Levine is a sophomore politics major and can be contacted at benjamin.levine@drake.edu

#1 – The Minimum Wage Impedes Job Creation

The minimum wage, without a doubt, impedes on this nation’s ability to create jobs (specifically low productivity jobs). While the policy was undoubtedly created out of benevolence, it remains a fact that it is bad for job creation. Really, that isn’t all that controversial of a statement. “The American Economic Review,” “The Review of Economic Studies,” “The Southern Economic Journal,” “The Journal of Law and Economics” and “The Journal of Human Resources” have all published studies by highly regarded economists (such as George Stigler, Yale Brozen, and Ronald Ehrenberg) on the issue, and that list could continue endlessly.  The only major study to really take issue with this claim was produced by David Card and Alan Krueger, who have been highly criticized for their work and statistical techniques.

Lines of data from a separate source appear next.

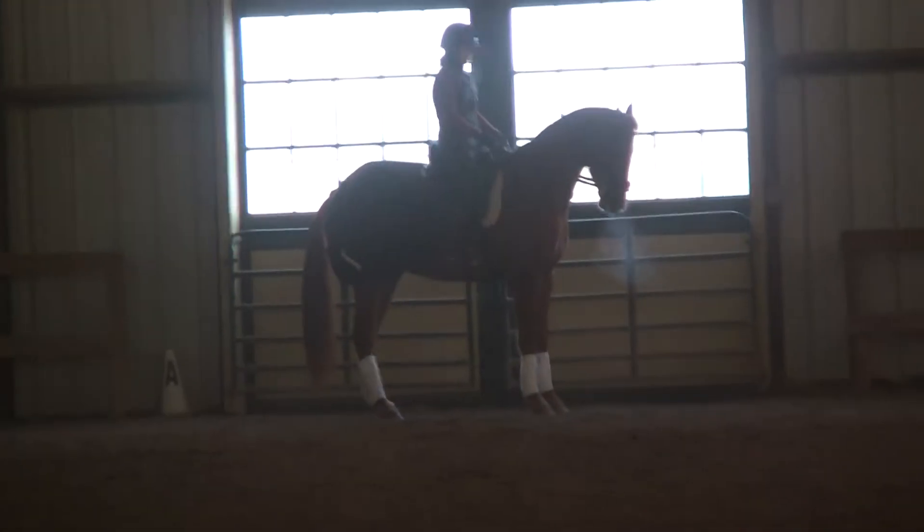I'm just going to take him down to the other side and lunge him a little bit. Small circle, little trots. Get a close-up of his nose. Just so he gets a little quicker — pretty good.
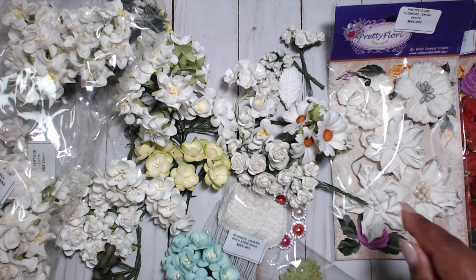Be sure to check the links in the description box below for all the proper names of these flowers with the codes right next to them, and the link to the Wild Orchid Crafts online store. Quick shipping — the flowers are gorgeous, so go over there and check it out. I will see you guys at the next video where you'll see a project using these lovely flowers. Like the video if you like it — talk to you soon, bye!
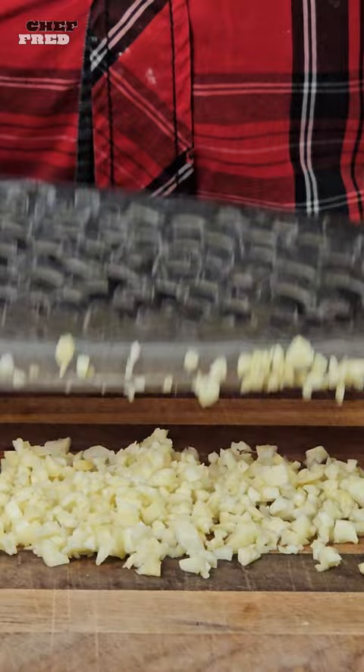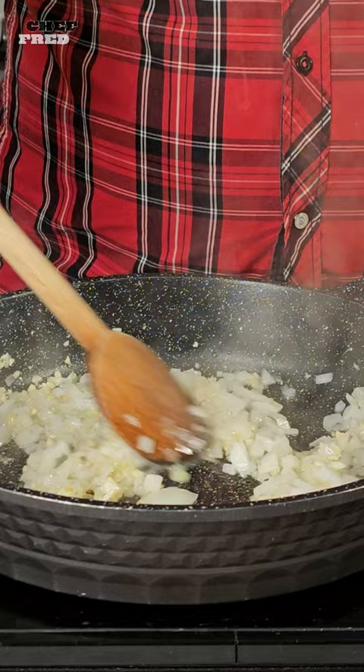For a tasty homemade sauce, chop a clove of garlic and add it to a skillet. When things start to sizzle, add a tomato. To be sure it's right, hold it up to eye level and squeeze!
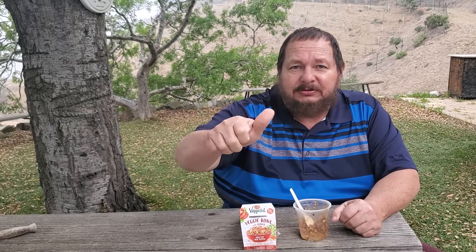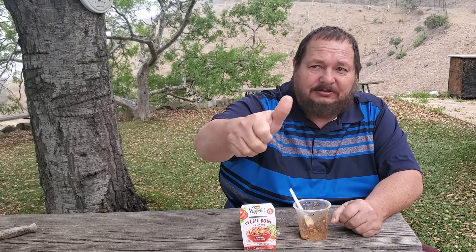They call it a spork — longer tines than usual for a spork. Anyway, that's it. It's a conditional thumbs up and okay. Thanks for watching. Remember, I try nasty things so you don't have to. Y'all have a great day, bye!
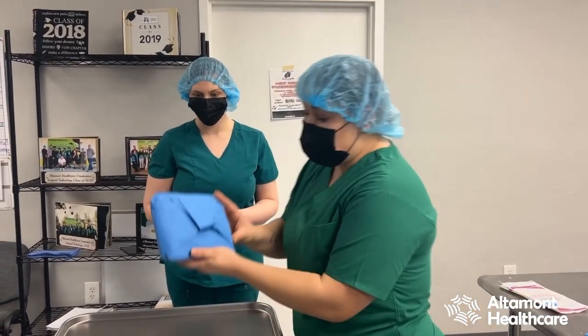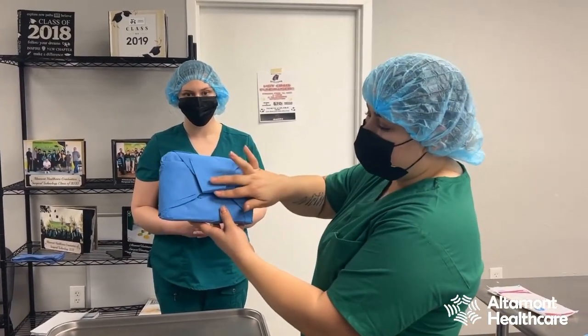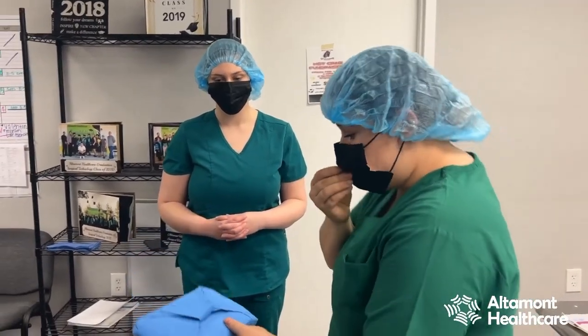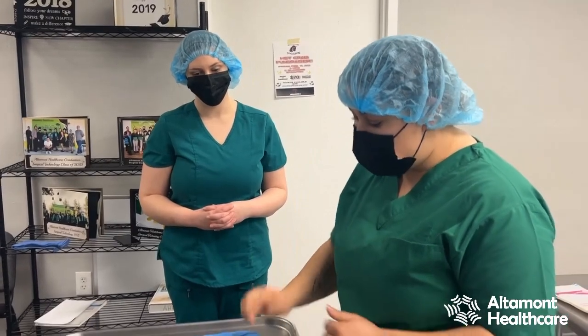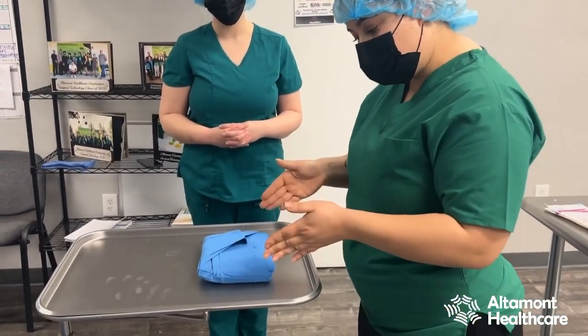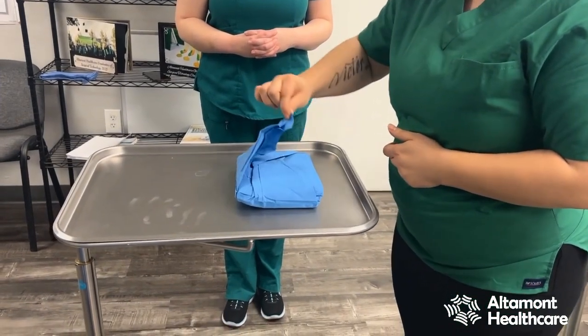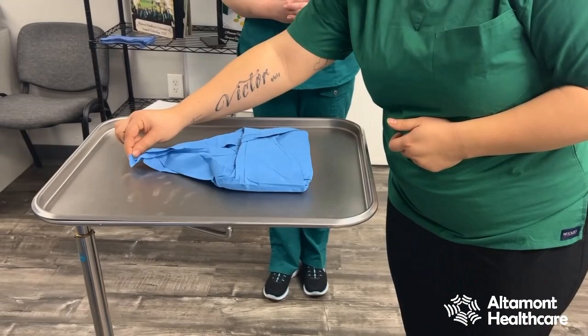If you look at the gown, you'll see a flap. This flap should always be facing towards you. I'm going to set it down — I see the flap, so I know this is the correct position. What I'm going to do is take that first flap away from me.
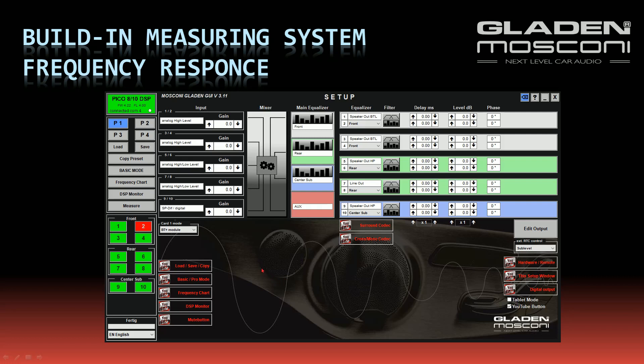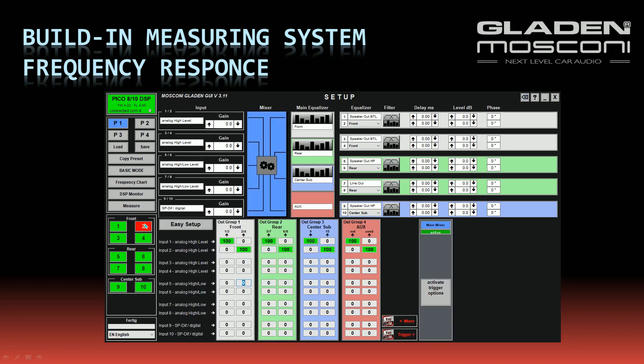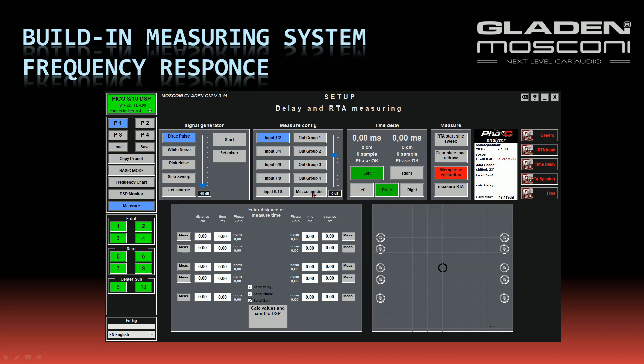Measuring the frequency response: I have connected my microphone on inputs 5 and 6. I check in the mixer that inputs 5 and 6 are not connected to any speaker, so I have no danger of producing a feedback effect. I go into the measuring menu, I press the button 'microphone connected' so all inputs are muted, and I choose inputs 5 and 6 where my microphone is connected. I press the button 'set mixer' to connect the signal generator for measuring, and I press 'RTA start sine sweep' to start the measurement.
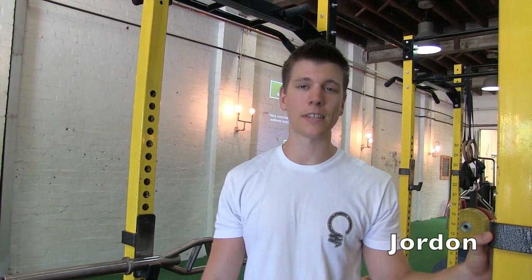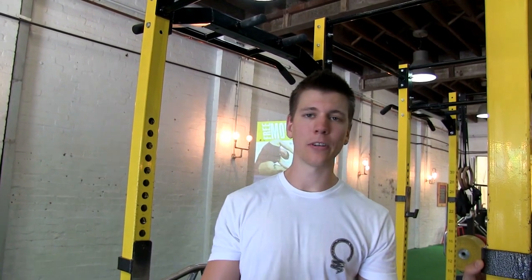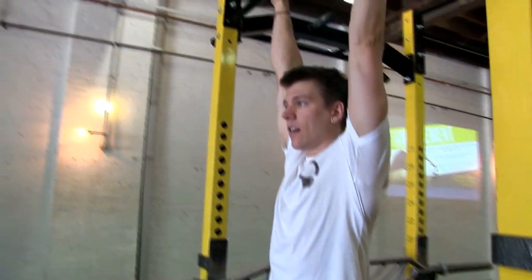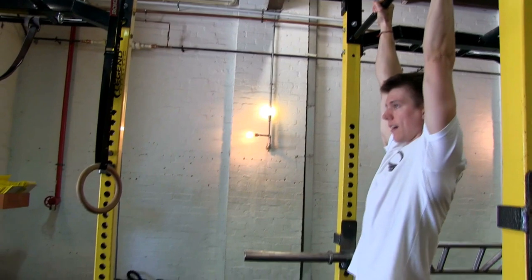Alright, so toes to bar — just like the name sounds, we're going to get our toes all the way up to the bar. We're not trying to do anything fancy here; you can bend your knees, though obviously straight legs is a lot harder. Grabbing on to the bar, nice tight core, toes to the bar.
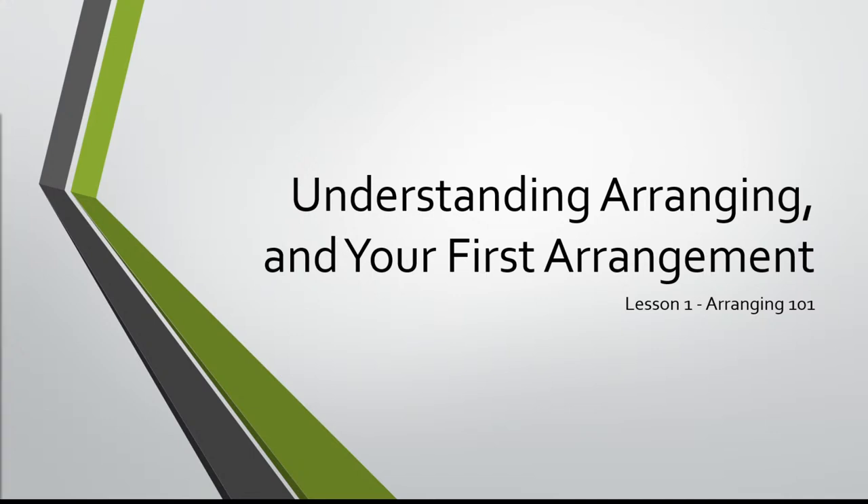Alright, let me just pull up my PowerPoint window here. Fantastic. Hello there, everyone. This is Nicholas here, but you can call me Mr. B. I'm a jazz arranger, composer, and pianist. And today we're going to be talking about understanding arranging and getting started on your first arrangement. So let's jump right into this.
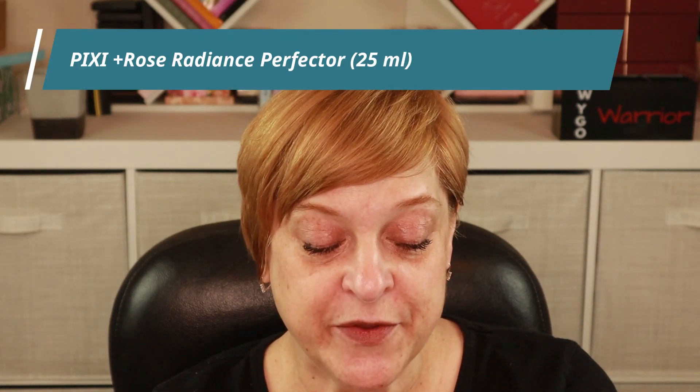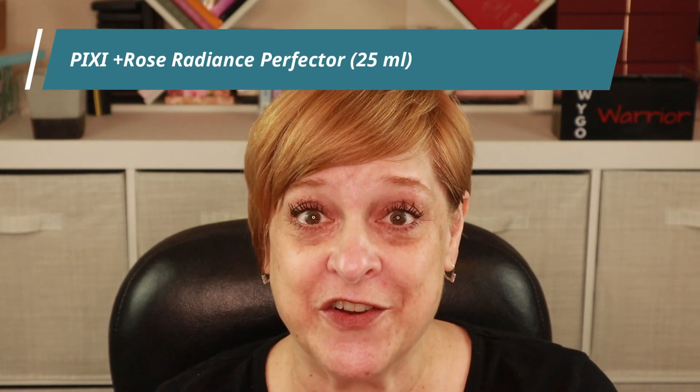I'm going to start off today's look with this product from Pixi. This is the Plus Rose Radiance Perfector. It comes in a squeezy tube and it's just a glowy primer — it's quite runny. It gives a beautiful glow and has a subtle pink hue, which after you apply your foundation you don't really see the pinkness, but it does give a really nice glow. I'm just going to use a brush and get that smeared all over my face.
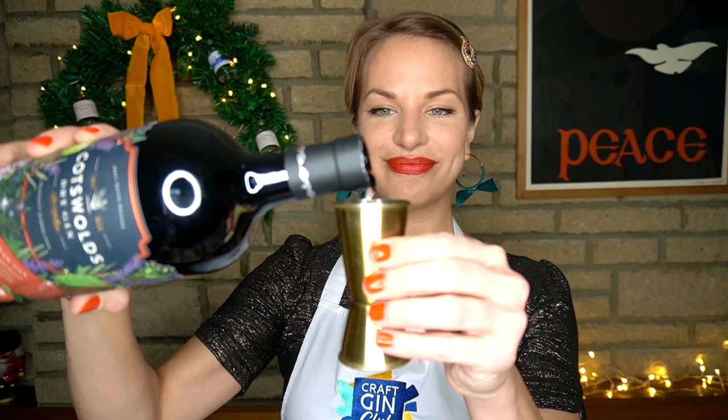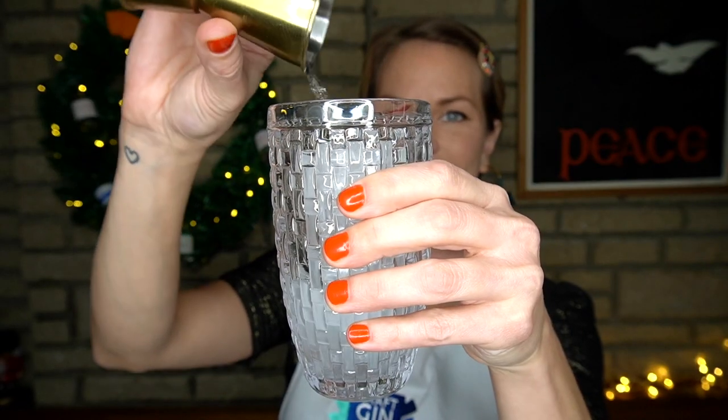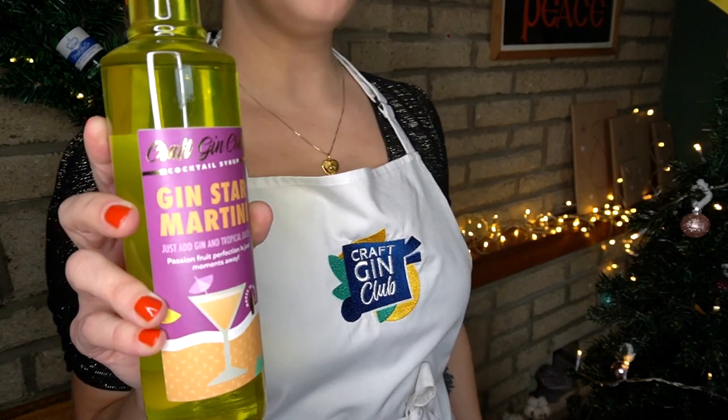We'll start with a cocktail shaker full of ice. Then we'll add 50ml of our Cotswolds Cloudy Christmas Gin. Then we'll add 25ml of our Gin Star Martini Cocktail Syrup. You can find the large format of this syrup on our online shop, craftginclub.co.uk.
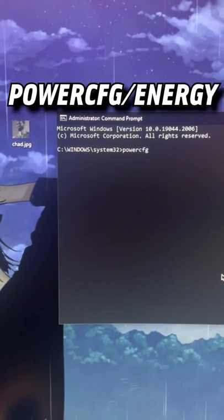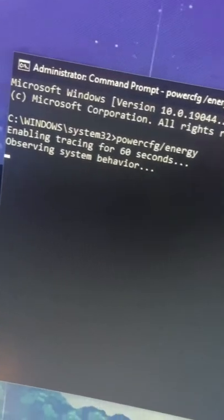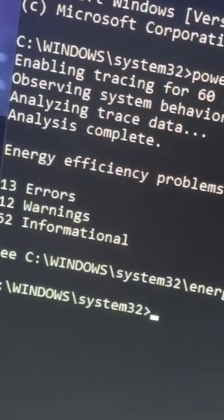In the command prompt, type PowerCFG slash Energy. Wait for it to get done doing its thing, and that'll display a lot of information about your battery.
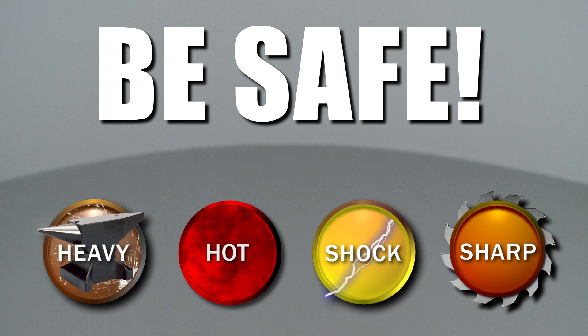Repair Clinic encourages you to perform this procedure safely. In this video, we will show one or more of these icons to alert you when to use caution.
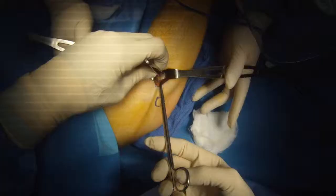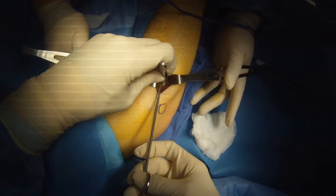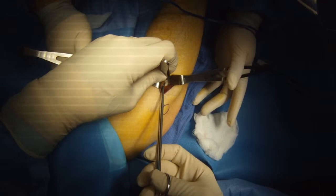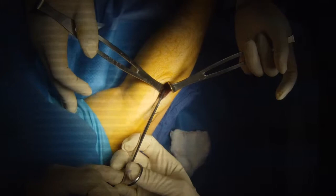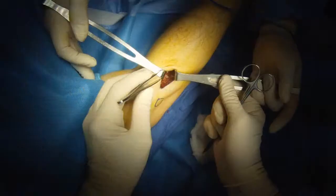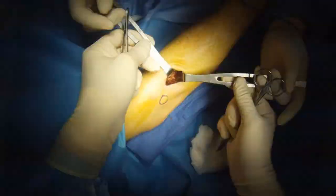Beneath it is constricting the nerve, so we cut this away. In order to free the nerve, we take small bites and make sure we're cutting only what we want to cut. There, you can see it release, and now we just make sure that we've got the whole fascia arcade released.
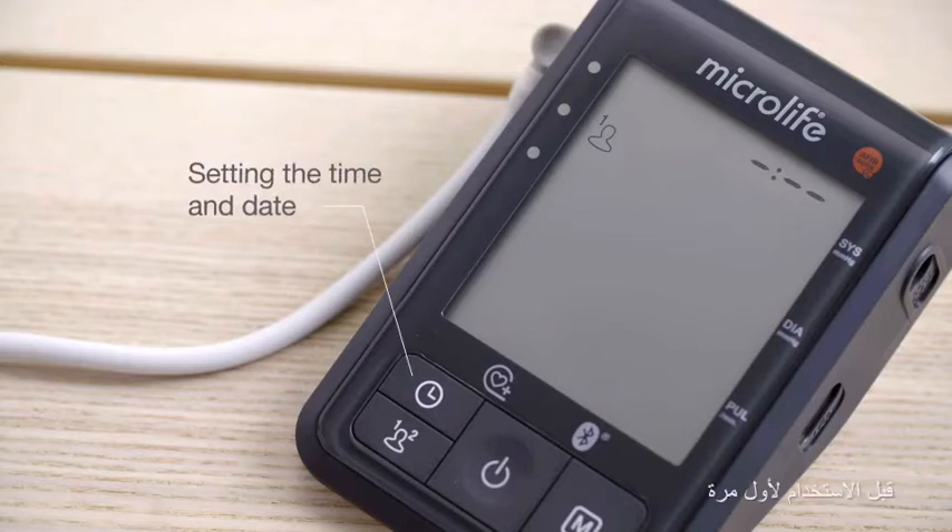Before using it for the first time, we recommend that you set the time and date, enabling you to retrace your readings later.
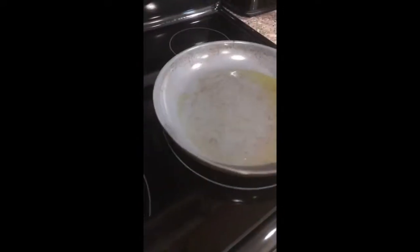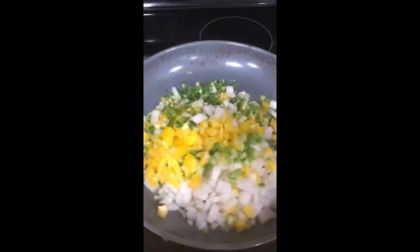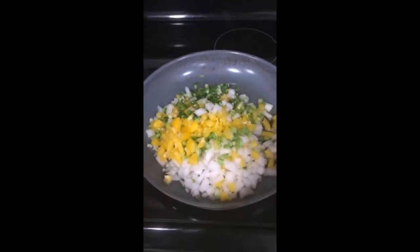I've got my ingredients here for the makings of tamale pie — my kids are in the background. I have some farm fresh ground beef that I picked up at the farmers market, so we're going to use that with my veggies.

However, the extent to which the minimum wage has a negative effect on job creation is much more contested. Nevertheless, the essence of the issue isn’t that difficult to understand. In a simplified manner, wages are the price of an individual’s labor based on the skills they have, how many other laborers have those skills and how many employers want those skills. If an individual is not highly skilled but rather has only rudimentary ones, the price for their labor is low. If an individual has a unique skill, the price for their labor will be high (due to the low supply of that skill and the assumed high demand from employers). The minimum wage is destructive because it artificially sets wages higher than what somebody’s labor might actually be priced; in this case, businesses have to hire less people due to the higher cost of labor.

#2 – The Minimum Wage Violates Right to Contract

In the Supreme Court case Lochner v. New York, the United States Supreme Court ruled that the “general right to make a contract in relation to his business is part of the liberty protected by the Fourteenth Amendment” and that “liberty of contract relating to labor includes both parties to it. The one has as much right to purchase as the other to sell labor.” While this decision was made in regard to the hours an individual can work, the principle should also be applied to wages. The right to contract should be in the hands of the individual. Let’s pretend, for example, that I am a homeless person in desperate need of money. I would gladly do the work of a janitor for five dollars an hour in order to provide myself with a means to eat. I know that at that price a business might be able to hire me. However, in actuality, the business I seek a labor contract with is forced to pay the minimum wage, and because of this they cannot afford to give me a job. In this situation, my right to contract and sell my labor has been infringed upon. But is it not the right of individuals to sell their own labor? Aren’t our skills and labor some of the most private forms of our property?

#3 – The Minimum Wage Is Unfair to Businesses

Although I’m sure most students here won’t care, the minimum wage is unfair to businesses in the same manner that it is unfair to the worker. It infringes on their natural rights to contract, and it also impedes on their abilities to maximize productivity.

As D.W. MacKenzie, a professor at Carroll College and writer for mises.org, puts it: “Employers pay a wage no higher than the value of an additional hour’s work. Raising minimum wages forces employers to dismiss low productivity workers.”

Obviously, this also relates back to the first point that the minimum wage impedes on job creation. However, the more important part of this intrusive policy is the infringement on individuals’ right to make a contract. I believe we have lost view in this country of what our natural rights are. Slowly, we are replacing natural rights as social rights — the former can never be taken away whereas the latter can. America needs to return to the philosophy that our government is here to protect our rights, not give and take them away. One step toward restoring this liberty is getting rid of the minimum wage. Hey, it might create some jobs on the side, too.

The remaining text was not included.